Recently, an associate in Shanghai bought a Hermès handbag for about $15,000. She said she fell in love with the brand and that specific bag, and her dream was to own it (and she would have done anything to get it). Luxury is like love, and once consumers fall, prices no longer matter to some extent.

Today, most luxury brands price benchmark their products with the products of their competitors, or else they use production costs as their pricing measure. This is the wrong idea, and I’ll explain why. Many people think “luxury” is the equivalent of “an expensive price point,” and many brands price that way. They use the price as a marker of luxury, which may work in the short-term but won’t in the long term. That’s because a high price point is a result of luxury; it isn’t the driver. This is an important distinction. To sell luxury means to create extreme value. Once that value is created, a brand can price for it, but if the brand prices high without creating underlying value, it will not succeed over time.

Normal to premium brands have two value drivers: functions and basic emotions. Both create the value that people pay prices for. If you think about Starbucks, a cup of coffee may cost between $3 and $5. You pay a bit more for the larger size and less for the smaller size. Hence, the price is — to some degree — the result of a logical, linear pricing structure. The more you get, the more you pay. On top of that, a more premium brand will charge a few percentage points more than a less premium brand. Everything makes logical sense. There are no surprises. This is the world of normal to premium brands.

Luxury is different. Suddenly we are in a world where prices are detached from features or emotions. Think about a Lamborghini: It has a small cabin, isn’t overly comfortable, only seats two, doesn’t have a trunk, and is very loud inside. While it may be fast, a 7-seating Tesla Model X will outperform it in a sprint. In terms of functional features, the car should be priced at the lower end, However, at price points of $300,000 and up, the brand has a non-linear value jump, especially compared to the value-heavy Mercedes S Class or a BMW 5 Series. This is why: When we measure the value of a luxury brand, we find an added value component that normal or premium products don’t have that I call Added Luxury Value (ALV).

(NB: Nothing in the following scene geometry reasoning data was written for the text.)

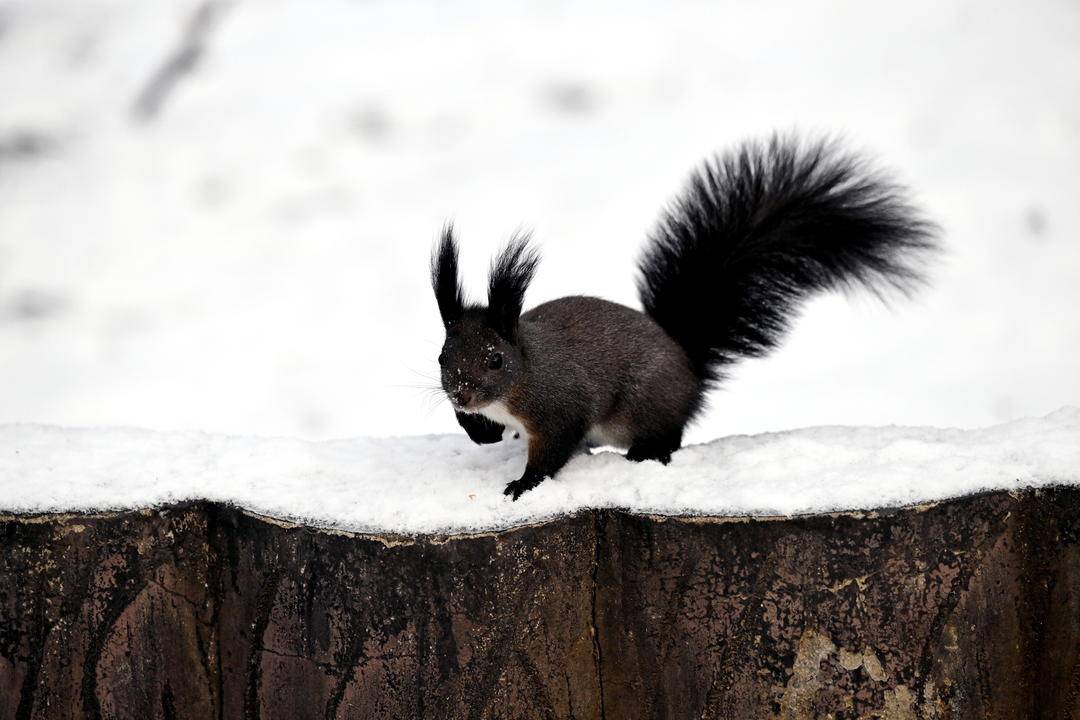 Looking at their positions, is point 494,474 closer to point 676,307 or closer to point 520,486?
point 520,486

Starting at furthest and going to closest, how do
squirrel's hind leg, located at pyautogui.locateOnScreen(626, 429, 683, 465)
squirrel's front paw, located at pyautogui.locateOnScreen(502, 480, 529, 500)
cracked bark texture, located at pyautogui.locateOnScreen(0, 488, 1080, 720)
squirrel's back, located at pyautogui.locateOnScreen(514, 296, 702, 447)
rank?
squirrel's hind leg, located at pyautogui.locateOnScreen(626, 429, 683, 465), squirrel's back, located at pyautogui.locateOnScreen(514, 296, 702, 447), squirrel's front paw, located at pyautogui.locateOnScreen(502, 480, 529, 500), cracked bark texture, located at pyautogui.locateOnScreen(0, 488, 1080, 720)

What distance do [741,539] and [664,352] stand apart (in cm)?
54

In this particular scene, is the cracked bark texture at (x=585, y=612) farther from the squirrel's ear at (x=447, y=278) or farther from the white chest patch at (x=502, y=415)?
the squirrel's ear at (x=447, y=278)

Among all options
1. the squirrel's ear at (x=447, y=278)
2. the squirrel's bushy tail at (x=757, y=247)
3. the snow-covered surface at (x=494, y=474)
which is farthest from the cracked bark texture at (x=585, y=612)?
the squirrel's bushy tail at (x=757, y=247)

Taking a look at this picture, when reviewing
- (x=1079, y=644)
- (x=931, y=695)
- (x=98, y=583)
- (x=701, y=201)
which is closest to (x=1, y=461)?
(x=98, y=583)

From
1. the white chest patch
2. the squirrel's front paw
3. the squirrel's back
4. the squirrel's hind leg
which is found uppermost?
the squirrel's back

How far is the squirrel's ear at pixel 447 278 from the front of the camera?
1.92 meters

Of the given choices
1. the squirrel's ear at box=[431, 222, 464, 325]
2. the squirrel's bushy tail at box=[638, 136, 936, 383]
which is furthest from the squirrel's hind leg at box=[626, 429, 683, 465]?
the squirrel's ear at box=[431, 222, 464, 325]

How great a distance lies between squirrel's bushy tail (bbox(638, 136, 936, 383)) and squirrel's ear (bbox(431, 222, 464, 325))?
0.59 metres

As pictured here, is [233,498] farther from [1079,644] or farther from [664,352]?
[1079,644]

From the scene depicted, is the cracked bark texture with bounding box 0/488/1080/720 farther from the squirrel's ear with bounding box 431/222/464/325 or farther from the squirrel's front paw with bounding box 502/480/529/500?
the squirrel's ear with bounding box 431/222/464/325

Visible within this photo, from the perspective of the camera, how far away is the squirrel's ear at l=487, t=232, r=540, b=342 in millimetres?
1887

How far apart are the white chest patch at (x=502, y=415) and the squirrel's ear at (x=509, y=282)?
0.41ft

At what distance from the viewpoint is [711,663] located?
1.79 meters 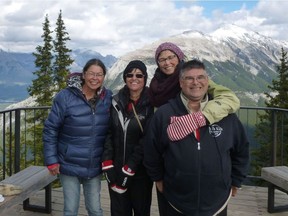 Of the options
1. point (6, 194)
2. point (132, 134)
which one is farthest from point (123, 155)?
point (6, 194)

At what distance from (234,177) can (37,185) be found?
2322mm

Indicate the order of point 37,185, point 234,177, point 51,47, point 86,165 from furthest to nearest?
point 51,47 → point 37,185 → point 86,165 → point 234,177

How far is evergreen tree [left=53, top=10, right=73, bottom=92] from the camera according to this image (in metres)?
30.6

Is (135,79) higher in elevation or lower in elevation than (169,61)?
lower

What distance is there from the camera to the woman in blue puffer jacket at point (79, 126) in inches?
134

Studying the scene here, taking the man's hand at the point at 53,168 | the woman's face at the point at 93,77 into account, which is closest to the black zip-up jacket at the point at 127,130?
the woman's face at the point at 93,77

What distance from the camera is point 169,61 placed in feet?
10.0

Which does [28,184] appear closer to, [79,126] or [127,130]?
[79,126]

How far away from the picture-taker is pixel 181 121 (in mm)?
2539

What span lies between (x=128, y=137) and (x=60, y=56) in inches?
Result: 1200

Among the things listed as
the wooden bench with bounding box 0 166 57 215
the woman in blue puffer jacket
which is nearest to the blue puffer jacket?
the woman in blue puffer jacket

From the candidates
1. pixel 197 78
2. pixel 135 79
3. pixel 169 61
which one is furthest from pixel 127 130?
pixel 197 78

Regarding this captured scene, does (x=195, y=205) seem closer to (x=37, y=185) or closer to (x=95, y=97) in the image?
(x=95, y=97)

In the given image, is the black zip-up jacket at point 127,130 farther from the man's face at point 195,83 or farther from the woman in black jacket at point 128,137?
the man's face at point 195,83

Added Luxury Value is comprised of some more obvious dimensions: social dominance, being an ultimate treat, adding self-esteem, and more, but it also has hidden dimensions like adding attractiveness, giving the aura of expertise, and signaling high-quality decision-making. Extensive research studies show that these are the real drivers of luxuriousness, and that produced ALV is also typically a multiplier of other value components. In other words: Added Luxury Value, is worth dramatically more than the functional or basic emotional value of a brand when it comes to luxury product, and this value is, ironically, created by the brand (branding) and not by the product itself.

This is a remarkable insight. If you take a Lamborghini, the value of the car — excluding ALV — would be maybe around $50-100,000. But with ALV, it sells for $300,000 or above. Take a handbag: Without ALV, people may pay $50-100. Adding ALV makes a brand like Louis Vuitton sell for $2,000 and above, while Hermès achieves price points of $10,000 or higher. Most of that value is due to ALV.

If ALV is detached from the product (for instance, the design or the features), but connected to the brand and its story, then comparing one product to the other across brands makes no sense. However, most managers do exactly that. When they create prices, they look at what the competition is doing with the product and ignore the ALV they create. But it’s important to estimate the ALV for both for the category and the brand, so a company can make pricing decisions in a data-driven way instead of simply “doing what everyone else is doing.”

Why is this important? What if, in the case of the Lamborghini, every company in a category is using gut feeling (in other words, benchmarking prices without factoring in ALV)? In this instance, there’s a high likelihood that the pricing will be wrong. This is called a ‘category bias,’ and many brands fall in its trap.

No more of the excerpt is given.